Accueil > Actualités > Chili : il est temps et encore possible de faire d’autres choix

Chili : il est temps et encore possible de faire d’autres choix

Nous publions ci-dessous un texte de Guy Aurenche, président du CCFD-Terre Solidaire, paru dans la dernière édition de la revue Faim et Développement.

par Guy Aurenche

Dans l’église du quartier populaire de la Victoria (où fut assassiné, en 1984, le prêtre français André Jarlan), Daniela, membre de l’ONG Eco partenaire du CCFD-Terre Solidaire, [1], nous parle des mouvements étudiants qui secouent le Chili depuis 2011. La déception a été forte : la jeunesse attendait beaucoup du nouveau mandat de la présidente Michelle Bachelet (élue pour quatre ans, ndlr), mais les réformes promises tardent à venir.

Au même moment, dans l’hémisphère nord, le pape François s’adressait à l’Union européenne : « Mettre au centre la personne humaine signifie avant tout faire en sorte qu’elle exprime librement son visage et sa créativité au niveau des individus comme au niveau des peuples. » Une interpellation qui ne vaut pas que pour la vieille Europe.

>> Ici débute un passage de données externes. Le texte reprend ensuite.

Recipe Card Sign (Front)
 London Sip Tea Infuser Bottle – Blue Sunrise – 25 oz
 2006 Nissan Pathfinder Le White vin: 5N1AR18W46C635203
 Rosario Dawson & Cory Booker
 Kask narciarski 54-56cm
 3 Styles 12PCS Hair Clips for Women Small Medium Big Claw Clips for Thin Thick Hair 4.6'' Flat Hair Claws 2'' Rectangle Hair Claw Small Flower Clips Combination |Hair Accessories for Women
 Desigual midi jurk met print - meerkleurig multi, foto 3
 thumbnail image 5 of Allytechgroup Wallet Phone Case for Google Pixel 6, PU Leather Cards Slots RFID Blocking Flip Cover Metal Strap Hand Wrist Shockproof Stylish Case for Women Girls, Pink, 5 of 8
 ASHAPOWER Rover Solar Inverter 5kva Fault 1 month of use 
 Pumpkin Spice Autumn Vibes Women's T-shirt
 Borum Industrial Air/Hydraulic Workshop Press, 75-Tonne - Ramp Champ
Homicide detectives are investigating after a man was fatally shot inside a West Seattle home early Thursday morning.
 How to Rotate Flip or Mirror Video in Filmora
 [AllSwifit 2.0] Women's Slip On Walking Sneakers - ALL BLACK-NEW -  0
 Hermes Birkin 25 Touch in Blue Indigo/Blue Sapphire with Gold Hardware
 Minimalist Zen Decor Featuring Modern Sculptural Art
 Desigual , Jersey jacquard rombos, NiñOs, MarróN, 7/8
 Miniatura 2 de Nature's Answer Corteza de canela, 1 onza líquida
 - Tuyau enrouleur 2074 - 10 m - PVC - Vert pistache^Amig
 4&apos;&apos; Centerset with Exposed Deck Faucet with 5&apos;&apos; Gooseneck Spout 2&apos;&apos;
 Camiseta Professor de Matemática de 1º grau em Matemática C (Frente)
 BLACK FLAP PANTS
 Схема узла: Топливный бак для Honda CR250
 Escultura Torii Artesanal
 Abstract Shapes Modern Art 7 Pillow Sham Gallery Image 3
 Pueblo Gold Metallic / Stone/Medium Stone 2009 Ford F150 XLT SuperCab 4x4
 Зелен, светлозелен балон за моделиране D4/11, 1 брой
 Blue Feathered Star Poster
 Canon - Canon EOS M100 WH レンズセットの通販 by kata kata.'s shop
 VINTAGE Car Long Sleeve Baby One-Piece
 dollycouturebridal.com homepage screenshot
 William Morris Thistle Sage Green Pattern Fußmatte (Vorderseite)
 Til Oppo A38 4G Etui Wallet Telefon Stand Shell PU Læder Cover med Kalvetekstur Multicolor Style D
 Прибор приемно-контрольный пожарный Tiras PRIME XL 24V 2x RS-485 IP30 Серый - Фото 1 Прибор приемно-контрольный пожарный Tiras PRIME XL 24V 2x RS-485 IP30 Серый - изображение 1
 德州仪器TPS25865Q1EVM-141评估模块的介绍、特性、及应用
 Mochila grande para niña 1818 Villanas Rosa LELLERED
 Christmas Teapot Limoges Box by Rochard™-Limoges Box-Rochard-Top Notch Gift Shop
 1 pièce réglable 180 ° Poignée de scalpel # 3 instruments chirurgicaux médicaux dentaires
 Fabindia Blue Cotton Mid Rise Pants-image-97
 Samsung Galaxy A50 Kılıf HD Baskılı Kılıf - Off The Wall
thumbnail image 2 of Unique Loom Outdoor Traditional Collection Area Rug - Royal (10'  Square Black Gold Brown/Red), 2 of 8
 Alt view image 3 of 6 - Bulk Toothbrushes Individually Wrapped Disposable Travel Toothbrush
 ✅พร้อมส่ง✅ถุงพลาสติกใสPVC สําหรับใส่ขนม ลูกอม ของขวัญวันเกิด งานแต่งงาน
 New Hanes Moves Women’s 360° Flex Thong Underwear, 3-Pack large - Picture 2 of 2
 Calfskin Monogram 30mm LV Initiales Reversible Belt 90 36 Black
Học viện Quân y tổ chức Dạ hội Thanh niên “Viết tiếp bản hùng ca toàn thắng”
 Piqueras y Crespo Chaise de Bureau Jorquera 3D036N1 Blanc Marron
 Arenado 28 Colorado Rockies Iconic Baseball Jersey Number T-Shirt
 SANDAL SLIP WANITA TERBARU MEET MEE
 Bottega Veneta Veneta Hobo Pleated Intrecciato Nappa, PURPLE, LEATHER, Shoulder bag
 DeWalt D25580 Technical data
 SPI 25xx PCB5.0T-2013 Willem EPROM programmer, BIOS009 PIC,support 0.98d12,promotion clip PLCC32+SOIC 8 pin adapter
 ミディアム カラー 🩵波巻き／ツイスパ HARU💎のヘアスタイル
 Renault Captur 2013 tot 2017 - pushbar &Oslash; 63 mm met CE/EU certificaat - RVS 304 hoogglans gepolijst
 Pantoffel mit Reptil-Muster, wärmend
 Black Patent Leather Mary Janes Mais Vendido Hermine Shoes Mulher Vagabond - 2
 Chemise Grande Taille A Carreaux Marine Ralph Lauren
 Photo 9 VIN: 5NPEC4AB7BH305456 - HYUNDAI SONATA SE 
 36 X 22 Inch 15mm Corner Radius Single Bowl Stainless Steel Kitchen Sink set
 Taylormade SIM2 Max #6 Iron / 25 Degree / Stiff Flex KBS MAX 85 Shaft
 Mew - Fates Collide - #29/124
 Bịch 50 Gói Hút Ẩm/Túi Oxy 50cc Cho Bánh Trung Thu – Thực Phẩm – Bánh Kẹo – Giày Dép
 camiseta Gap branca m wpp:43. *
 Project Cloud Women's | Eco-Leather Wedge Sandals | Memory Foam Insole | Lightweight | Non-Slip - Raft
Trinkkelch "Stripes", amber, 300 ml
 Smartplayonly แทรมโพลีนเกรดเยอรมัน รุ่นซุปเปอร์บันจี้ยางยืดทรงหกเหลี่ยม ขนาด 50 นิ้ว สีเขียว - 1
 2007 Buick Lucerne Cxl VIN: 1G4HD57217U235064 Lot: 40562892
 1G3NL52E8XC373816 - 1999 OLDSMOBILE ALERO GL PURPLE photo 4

Pourquoi les inégalités perdurent-elles dans les pays émergents du Sud ?

Au Chili, la société civile portée par les nouvelles générations réclame des réformes structurelles pour lutter contre certaines racines de l’inégalité. Ainsi, pour la fiscalité, elle demande une prise en charge équitable de la dépense publique par les mieux lotis ; pour l’éducation, une véritable gratuité face à un système éducatif largement payant ; sans oublier la réforme de la Constitution, héritée du dictateur Pinochet, qui ne fait pas de place à la mobilisation directe des citoyens. De ce fait, le taux de participation aux élections est en chute libre ! Pourtant, nos partenaires du Sedej [2], agissant auprès des jeunes défavorisés, mettent l’accent sur leurs possibilités créatrices lorsque leur imagination est vraiment sollicitée.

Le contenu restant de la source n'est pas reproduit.